今度天霧に別のものを仕入れてもらわなくちゃね」
「お、お千ちゃん?」
「俺のところに来ればよい。妾として可愛がってやろう」
「千鶴を妾!? ふざけんな!!」
「何バカなこと言ってんのよ」
平助が憤慨して立ち上がると、すかさずお千が(どこからか持ち出した)ハリセンで風間をはたき倒す。

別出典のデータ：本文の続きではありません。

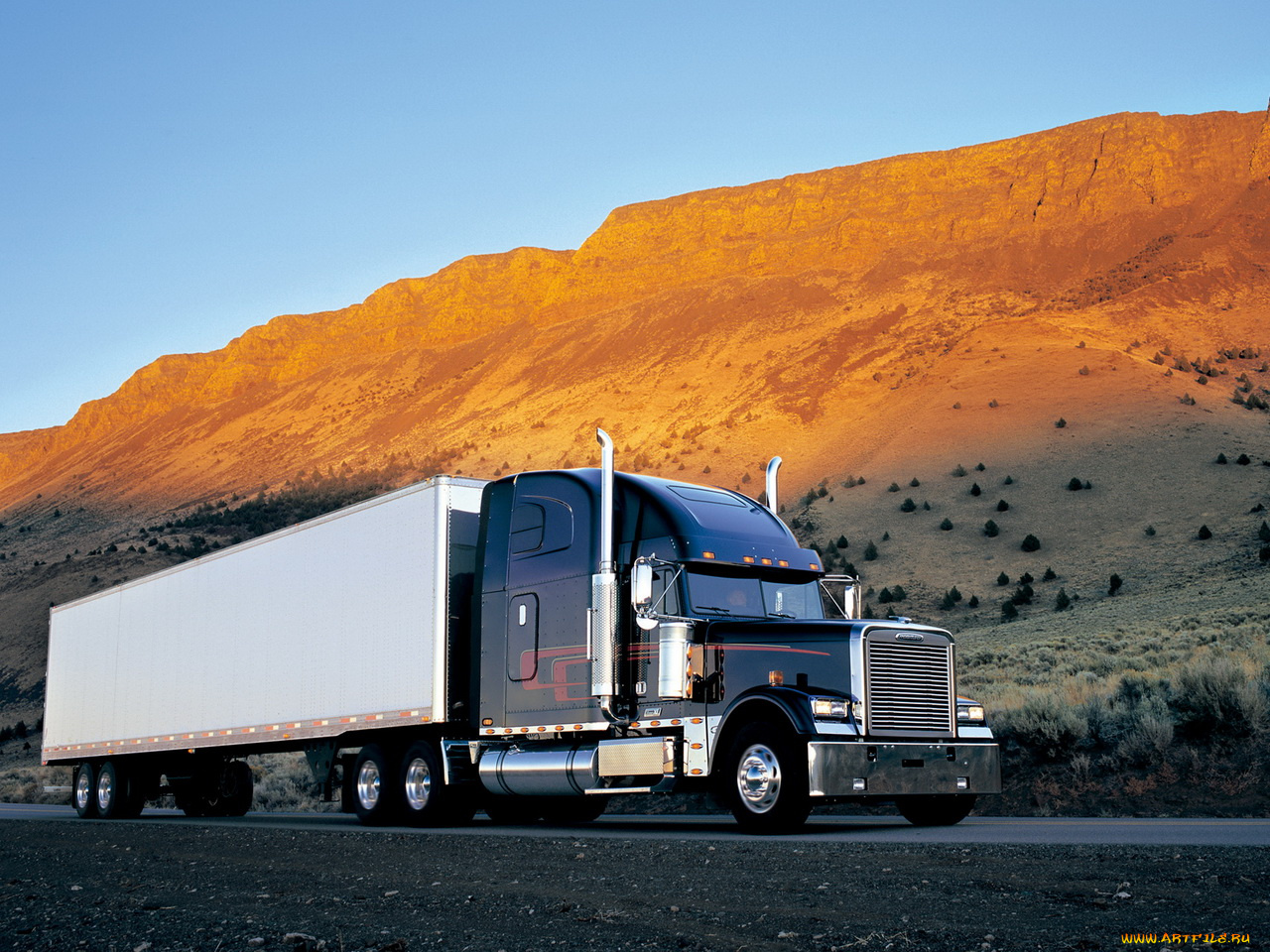 автомобили, freightliner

「まあ、こいつは置いといて。千鶴ちゃん、ちゃんと毎晩励んでる?」
「ままままま毎晩っ!?」
「お、お前、なんちゅうことを……っ!」
「相変わらず初々しい反応だけど、鋼道さんずいぶんとしびれ切らしてたわよ?」
お千の口にした名に、千鶴と平助が慌てふためく。
千鶴の父・鋼道は、雪村家復興を目指し子作り大作戦を実行しているのである。
「なんか天霧や不知火にまで話ふってたみたいなの」
「父様、そんなことを……」
「だ~っ! 千鶴は誰にもわたさねえぞ!!」
「そう思うんならとにかく早く既成事実作りなさいな」
ずばっと核心を突くお千に、平助は今夜からの子作り決心を固めるのだった。